| Kanton Bern: Käufer für historische Liegenschaften gesucht Für fünf Schlösser – darunter das Schloss Blankenburg in Zweisimmen – sowie sieben Amt-, Wohn- und Bürohäuser – darunter die Amthäuser Meiringen und Wimmis – sucht der Kanton Bern neue sinnvolle Nutzungen durch Private oder öffentliche Institutionen und schreibt diese zum Verkauf aus. Der Schutz der historischen Gebäude soll über die Denkmalpflege gewährleistet bleiben.
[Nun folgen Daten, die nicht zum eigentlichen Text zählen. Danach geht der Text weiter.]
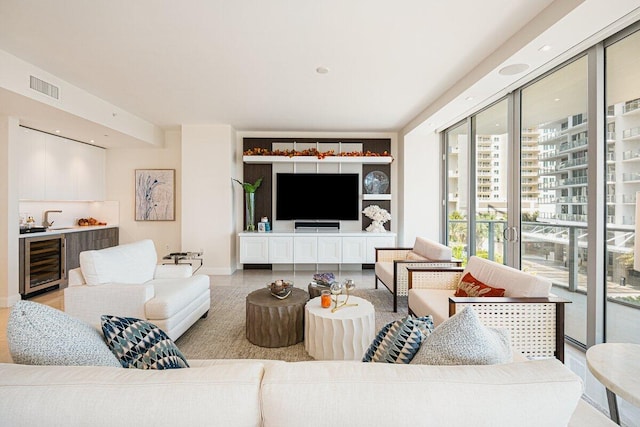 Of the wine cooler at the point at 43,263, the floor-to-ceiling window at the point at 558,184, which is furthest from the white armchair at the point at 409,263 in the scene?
the wine cooler at the point at 43,263

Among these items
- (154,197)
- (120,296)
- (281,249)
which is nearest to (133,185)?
(154,197)

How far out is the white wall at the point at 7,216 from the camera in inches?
157

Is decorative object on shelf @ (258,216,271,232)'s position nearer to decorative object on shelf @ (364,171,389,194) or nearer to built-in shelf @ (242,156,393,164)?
built-in shelf @ (242,156,393,164)

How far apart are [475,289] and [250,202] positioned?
4.36 meters

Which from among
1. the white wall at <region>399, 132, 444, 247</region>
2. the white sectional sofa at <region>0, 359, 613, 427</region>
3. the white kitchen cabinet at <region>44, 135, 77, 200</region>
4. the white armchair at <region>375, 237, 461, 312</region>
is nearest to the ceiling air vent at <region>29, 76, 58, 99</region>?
the white kitchen cabinet at <region>44, 135, 77, 200</region>

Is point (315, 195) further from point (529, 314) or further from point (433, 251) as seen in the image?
point (529, 314)

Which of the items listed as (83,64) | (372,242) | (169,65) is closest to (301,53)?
(169,65)

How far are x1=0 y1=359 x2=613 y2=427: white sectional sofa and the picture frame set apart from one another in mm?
5726

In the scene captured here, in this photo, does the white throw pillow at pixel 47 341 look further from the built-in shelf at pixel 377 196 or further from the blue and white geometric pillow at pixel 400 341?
the built-in shelf at pixel 377 196

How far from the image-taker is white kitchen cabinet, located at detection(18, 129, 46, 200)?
14.7 feet

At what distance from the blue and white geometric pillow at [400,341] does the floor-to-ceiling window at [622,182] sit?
6.93 ft

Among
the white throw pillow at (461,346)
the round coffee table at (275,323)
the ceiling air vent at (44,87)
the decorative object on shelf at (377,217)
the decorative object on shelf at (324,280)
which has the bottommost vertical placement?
the round coffee table at (275,323)

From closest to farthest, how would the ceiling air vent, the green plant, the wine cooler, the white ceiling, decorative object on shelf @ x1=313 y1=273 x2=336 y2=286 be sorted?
the white ceiling, the ceiling air vent, decorative object on shelf @ x1=313 y1=273 x2=336 y2=286, the wine cooler, the green plant

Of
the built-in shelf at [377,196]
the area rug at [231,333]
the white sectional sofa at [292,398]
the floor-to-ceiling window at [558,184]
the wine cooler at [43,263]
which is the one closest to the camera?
the white sectional sofa at [292,398] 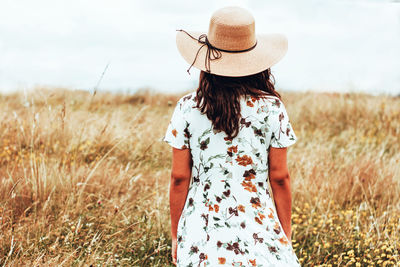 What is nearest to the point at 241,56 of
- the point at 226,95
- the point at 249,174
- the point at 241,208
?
the point at 226,95

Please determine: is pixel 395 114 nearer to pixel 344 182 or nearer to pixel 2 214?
pixel 344 182

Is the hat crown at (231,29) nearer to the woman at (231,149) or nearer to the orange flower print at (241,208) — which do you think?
the woman at (231,149)

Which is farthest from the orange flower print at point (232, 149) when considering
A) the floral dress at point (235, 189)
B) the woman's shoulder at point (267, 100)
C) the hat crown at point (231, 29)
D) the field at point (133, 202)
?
the field at point (133, 202)

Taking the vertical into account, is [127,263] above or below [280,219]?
below

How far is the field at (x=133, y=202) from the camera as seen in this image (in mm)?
2844

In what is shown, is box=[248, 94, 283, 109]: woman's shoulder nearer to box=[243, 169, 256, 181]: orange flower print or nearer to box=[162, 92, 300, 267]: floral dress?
box=[162, 92, 300, 267]: floral dress

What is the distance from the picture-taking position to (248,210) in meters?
1.88

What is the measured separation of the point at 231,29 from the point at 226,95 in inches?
11.6

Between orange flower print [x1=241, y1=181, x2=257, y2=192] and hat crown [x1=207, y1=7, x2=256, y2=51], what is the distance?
23.9 inches

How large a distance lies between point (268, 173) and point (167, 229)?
1371 mm

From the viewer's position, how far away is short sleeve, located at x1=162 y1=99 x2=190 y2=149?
1.89m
kkb/bns. Als Folge der Reform der dezentralen kantonalen Verwaltung und Justizreform würden verschiedene Liegenschaften zukünftig nicht mehr durch die kantonale Verwaltung genutzt, wird in einer Medienmitteilung erinnert: «Bereits im August 2008 hat der Regierungsrat entschieden, dass er für vier Schlösser des Kantons von nationaler Bedeutung neue Nutzungsmöglichkeiten suchen wird. Nun hat die Berner Regierung für zwölf weitere Liegenschaften das weitere Vorgehen entschieden. Oberstes Ziel der Regierung ist es, dass diese Liegenschaften auch künftig sinnvoll genutzt werden und entsprechende zukunftsfähige Nutzungskonzepte gefunden werden. Dabei sind auch die Anliegen der Standortgemeinden und die objektspezifischen Begebenheiten einzubeziehen.»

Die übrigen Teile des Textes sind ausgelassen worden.